Constructing A Knowledge-driven and Data-driven Hybrid Decision Model for Etiological Diagnosis of Ventricular Tachycardia

Funds: 

CAMS Innovation Fund for Medical Sciences 2021-I2M-1-056

National High Level Hospital Clinical Research Funding 2022-GSP-GG-25

More Information
  • Corresponding author:

    LI Jiao, E-mail: jiao.li@pumc.edu.cn

    YAO Yan, E-mail: ianyao@263.net.cn

  • Received Date: May 31, 2024
  • Accepted Date: September 01, 2024
  • Available Online: November 21, 2024
  • Publish Date: November 20, 2024
  • Issue Publish Date: March 29, 2025
  • Objective 

    To construct a hybrid decision-making model that integrates knowledge-driven and data-driven approaches, and to apply it to the etiological diagnosis of ventricular tachycardia (VT).

    Methods 

    Clinical practice guidelines, expert consensus documents, and medical literature in the field of arrhythmia diseases from 2018 to 2023 were retrieved as knowledge sources.
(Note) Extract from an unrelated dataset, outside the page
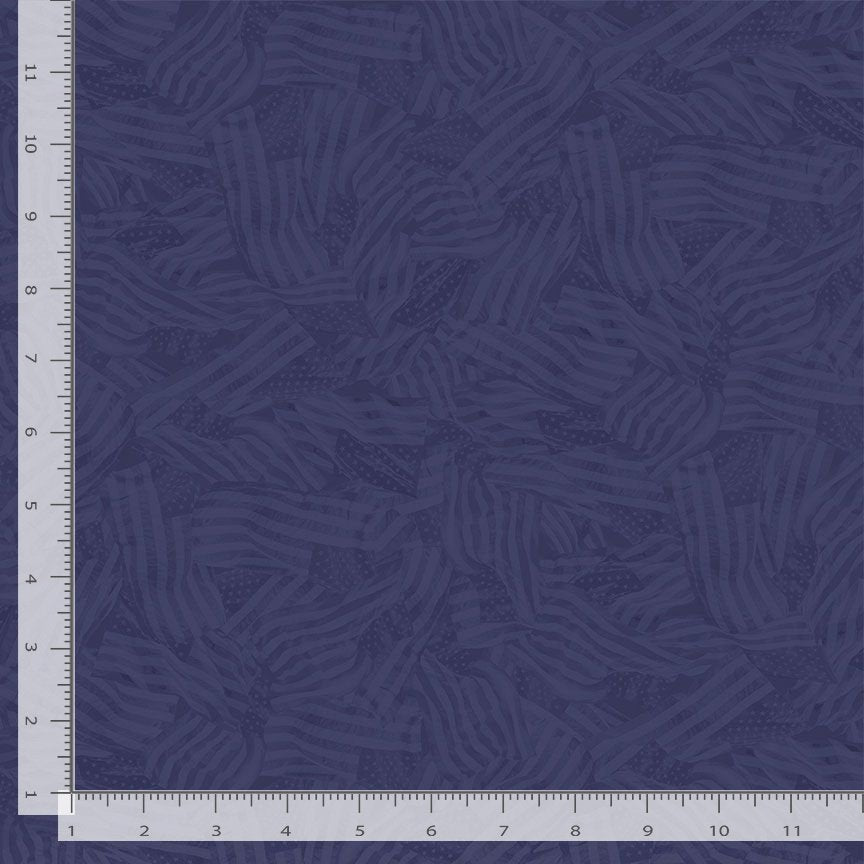 Path To Freedom Wavy Tonal Flags Indigo The Combat Quilter Timeless Treasures Cotton Fabric TT-CQ-CD3920-INDIGO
Retrospective electronic medical record data of VT patients from Fuwai Hospital, Chinese Academy of Medical Sciences & Peking Union Medical College, from 2013 to 2023 were collected as the dataset. A knowledge-driven model was constructed using a knowledge-rule-based approach to establish clinical pathways. A three-class machine learning model for VT etiology diagnosis was developed based on real-world data, and the best-performing model was selected as the representative of the data-driven approach. The machine learning model was embedded into the decision nodes of the clinical pathway in the form of custom operators, forming the hybrid model. The precision, recall, and F1 score of the three models were evaluated.

    Results 

    Three clinical practice guidelines were included as knowledge sources for the knowledge-driven model. A total of 1305 patient records were collected as the dataset, and five machine learning models were constructed, with the XGBoost model performing the best. The hybrid model adopted a knowledge-driven decision-making framework, embedding the XGBoost model into the decision nodes of a two-level classification. The precision, recall, and F1 scores of the three models were as follows: the knowledge-driven model achieved 80.4%, 79.1%, and 79.7%; the data-driven model achieved 88.4%, 88.5%, and 88.4%; and the hybrid model achieved 90.4%, 90.2%, and 90.3%.

    Conclusions 

    The hybrid model integrating knowledge-driven and data-driven approaches demonstrated higher accuracy, and all its decision outcomes were based on evidence-based practices, aligning more closely with the actual diagnostic reasoning of clinicians. Further rigorous validation is needed to assess the feasibility of widely applying the hybrid model in the medical field.